“This creative power and imagination is in everyone and so
is the need to express it, i.e., to share it with others. But what happens to
it?
“It is very tender and sensitive, and it is usually drummed
out of people early in life by criticism (so-called “helpful criticism” is
often the worst kind), by teasing, jeering, rules, prissy teachers, critics,
and all those unloving people who forget that the letter killeth but the spirit
giveth life. Sometimes I think of life as a process where everybody is
discouraging and taking everybody else down a peg or two...
“You know how all children have this creative power…But this
joyful, imaginative, impassioned energy dies out of us very young.
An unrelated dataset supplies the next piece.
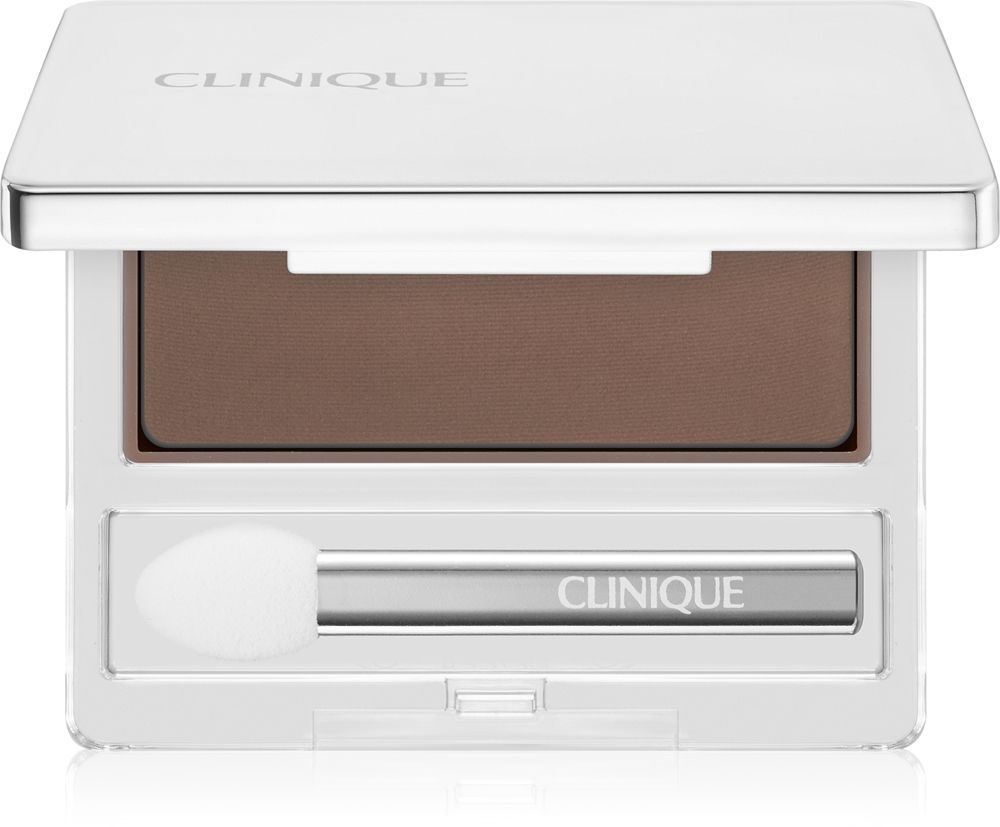 Clinique All About Shadow™ Single — foto 1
Why? Because
we do not see that it is great and important. Because we let dry obligation
take its place. Because we don’t respect it in ourselves and keep it alive by
using it. And because we don’t keep it alive in others by listening to them...
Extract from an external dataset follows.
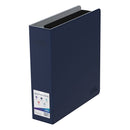 Collector's Album XenoSkin de Ultimate Guard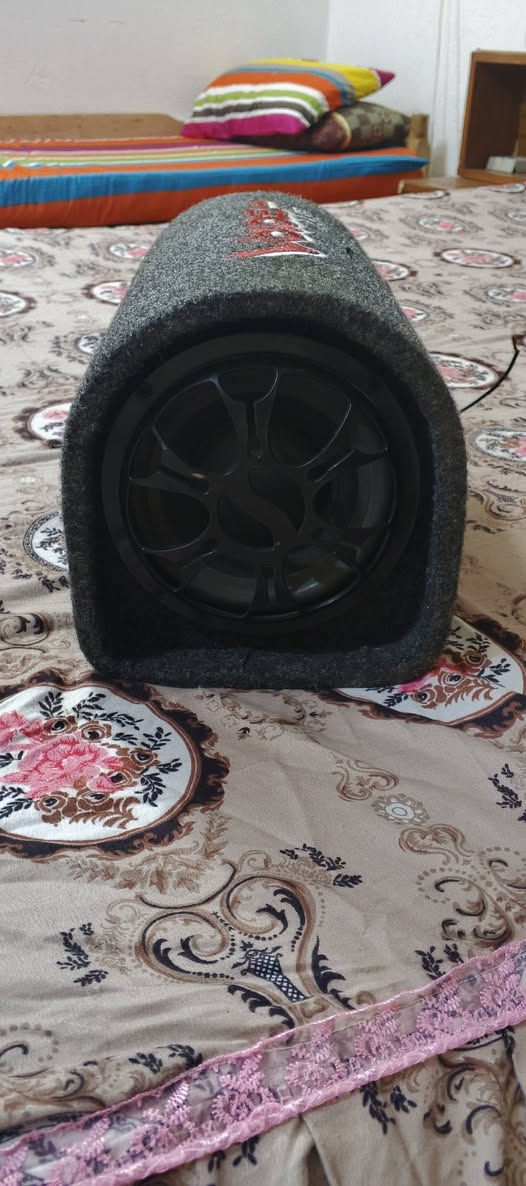 دمام للبيع الشراي يجي خاص ***********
“You have noticed how teachers, critics, parents and other
know-it-alls, when they see you have written something, become at once
long-nosed and finicking and go through it gingerly sniffing out the flaws.
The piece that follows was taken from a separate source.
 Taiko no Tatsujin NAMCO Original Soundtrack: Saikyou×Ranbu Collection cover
AHA! A misspelled word! as though
Shakespeare could spell! As though spelling, grammar and what you learn in a
book about rhetoric has anything to do with freedom and the imagination!”
“Remember these things. Work with all your intelligence and
love. Work freely and rollickingly as though [you] were talking to a friend who
loves you. Mentally (at least three or four times a day) thumb your nose at all
know-it-alls, jeerers, critics, doubters.”